Хотел бы молиться и Михаил Кузмин (сборник «Сети»),[128] но уже по-другому. Сборник его стихов — книга большой культурности, кажется, даже эрудиции, но и немалых странностей, вроде «дома с голубыми воротами», «шапки голландской с отворотами»[129] или таких стихов:

В Вашей (sic!) столовой с лестницей внутренней

Так сладко пить чай или кофей утренний.[130]

В лиризме М. Кузмина-изумительном по его музыкальной чуткости — есть временами что-то до жуткости интимное и нежное и тем более страшное, что ему невозможно не верить, когда он плачет.

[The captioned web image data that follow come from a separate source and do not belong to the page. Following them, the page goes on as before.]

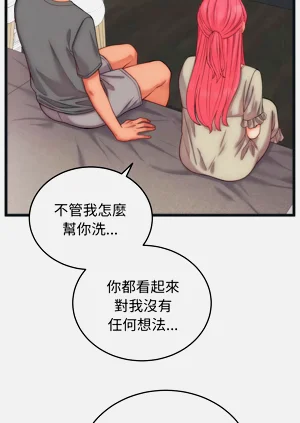 第73頁圖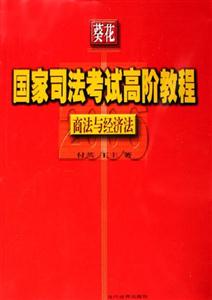 商法與經(jīng)濟(jì)法國(guó)家司法考試高階教程 商法與經(jīng)濟(jì)法國(guó)家司法考試高階教程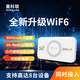 Ji Nian New 5G Portable WiFi Ultra-fast Mobile WiFi Portable 5G Internet Treasure Wireless WiFi6 Router Internet Card Traffic Card High-speed Internet Wireless Network Card New 5G Portable WIFI High-speed Internet Card-free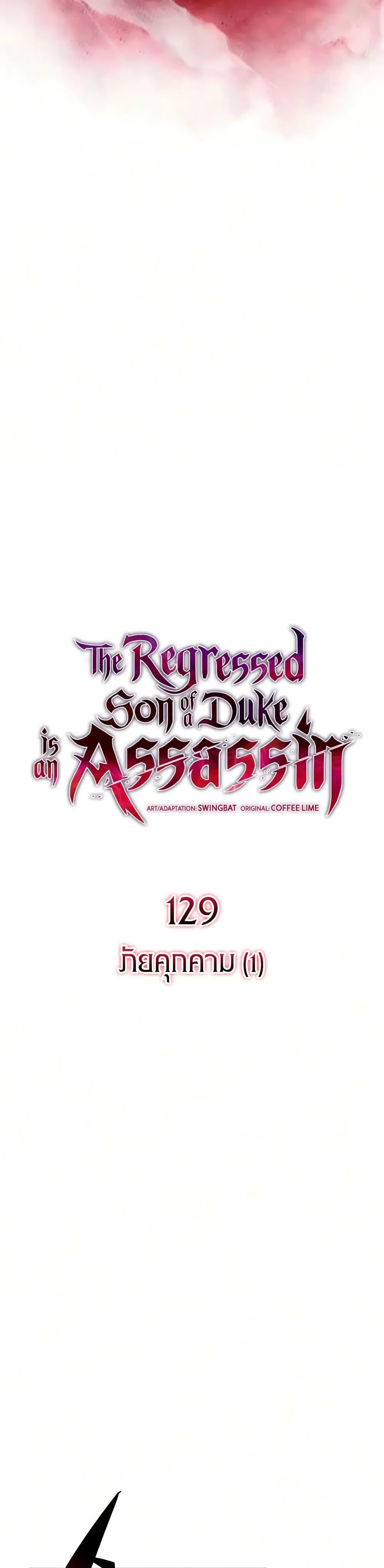 The Regressed Son of a Duke is an Assassin ตอนที่ ตอนที่ 129 รูปที่ 12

Городская, отчасти каменная, музейная душа наша все изменила и многое исказила. Изменилась в ней и вера. Не та прощающая, самоотверженная, трагическая, умильная вера, — а простая мужицкая, с ее поклонами, акафистами, вера-привычка, вера-церковь, где Власы[131] стоят бок о бок с людьми, способными со словами «господи, благослови!» ударить купчину топором по лбу.[132] Именно эта вера, загадочная, упорностихийная, мелькает иногда и в авторе «Сетей» и «Богородичных праздников».[133]

Голубая спальня, шабли во льду,[134] александрийские систры[135] и тирские красильщики, черная женщина, которая качает ребенка и поет:

…если б я был фараоном,

купил бы я себе две груши:

одну бы я дал своему другу,

другую бы я сам скушал.[136]

(«Сети», с. 797)

и вдруг тут же

Светлая горница — моя пещера.

Мысли-птицы ручные: журавли да аисты;

Песни мои — веселые акафисты;

Любовь всегдашняя моя вера.[137]

(ibid., с. 95)

или:

Я вспомню нежные песни

И запою,

Когда ты скажешь: «воскресни».

Я сброшу грешное бремя

И скорбь свою,

Когда ты скажешь: «вот время».

Я подвиг великой веры

Свершить готов,

Когда позовешь в пещеры;

Но рад я остаться в мире

Среди оков,

Чтоб крылья раскрылись шире.

Незримое видит око

Мою любовь

И страх от меня далеко.

Я верно хожу к вечерне

Опять и вновь,

Чтоб быть недоступней скверне.[138]

(ibid., с. 112 сл.)

Я знаю, что тут не без лукавства. Но для нас-то, когда мы осуждены вращаться среди столь разнообразных книжных, надуманных попыток вернуть веру или ее очистить, — разве не должна быть интересна и эта попытка опроститься в религиозном отношении, найти в себе свой затерянный, свой затертый, но многовековой инстинкт веры. Я расстаюсь с лиризмом Кузмина неохотно вовсе не потому, чтобы его стихи были так совершенны. Но в них есть местами подлинная загадочность. А что, кстати, Кузмин, как автор «Праздников Пресвятой Богородицы», читал ли он Шевченко, старого, донятого Орской и иными крепостями, — соловья, когда из полупомеркших глаз его вдруг полились такие безудержно нежные слезы-стихи о Пресвятой Деве?[139] Нет, не читал. Если бы он читал их, так, пожалуй бы, сжег свои «праздники»…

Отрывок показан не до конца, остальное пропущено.